ELYRIA, Ohio — When a battery in your car, cell phone, or remote control dies, do you know how to get rid of it safely? Some you can toss right in the trash, but many others have to be taken to a waste collection facility to be recycled properly.
"About 16,000 to 17,000 cars a year come through the facility three days a week, Monday, Wednesday, Saturday,” said James Skora, the Collection Center Coordinator for the Lorain County Solid Waste District.
The people in those cars bring almost every kind of recyclable waste you can imagine.
The Lorain County Solid Waste District's collection center has received nearly one million pounds of material this year alone. They take your everyday recyclables, like cardboard and paper, but also hazardous waste like antifreeze, cleaning chemicals, and batteries.
"We take lead acid batteries which normally people would associate that with auto batteries, tractor batteries, car batteries, mowers, things of that nature — that's a lead acid battery.

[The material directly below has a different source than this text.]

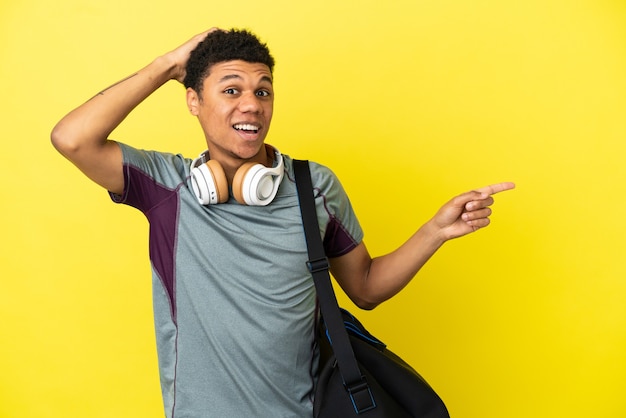 Giovane sportivo afroamericano con borsa sportiva isolata su sfondo giallo sorpreso e puntando il dito sul lato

We also take common household batteries, little rechargeable, A, AA, C, D batteries,” Skora said.
The biggest concern for collection center staff are those batteries made out of more hazardous materials being disposed of incorrectly, like those lead acid batteries or lithium ion ones found in cell phones or other portable electronics.
"If a car battery were to be thrown into the trash, it could leak. There's acid in that, a particular example lead acid battery, there's acid there. Batteries can, because of the electrolysis, produce hydrogen gas and that is a highly flammable gas,” Skora said.
After people drop off their unwanted batteries, they're separated by type and sorted into bins. Once there's a good amount of each, they're either shipped out to the scrap yard to be properly recycled, or if they’re household alkaline batteries, they’re simply tossed away.
"The heavy metals — the nickel, the cadmium, lithium — is highly recyclable material but they have to go to specialized processors,” Skora said.
And the center isn't just getting the dangerous batteries out of the trash, sometimes it's able to cash in. Each lead acid battery can net the county between $2 and $5 when they're handed over to a scrap yard.
"When it comes to the return and exchange that helps us to offset our overhead," said Sharon Sweda, a Lorain County Commissioner. "Because you can see that we're staffing the facility, we have overhead that we're facing to handle the equipment for everybody, so that exchange just helps us to offset the costs and make it more doable as a county service because we don't charge residents."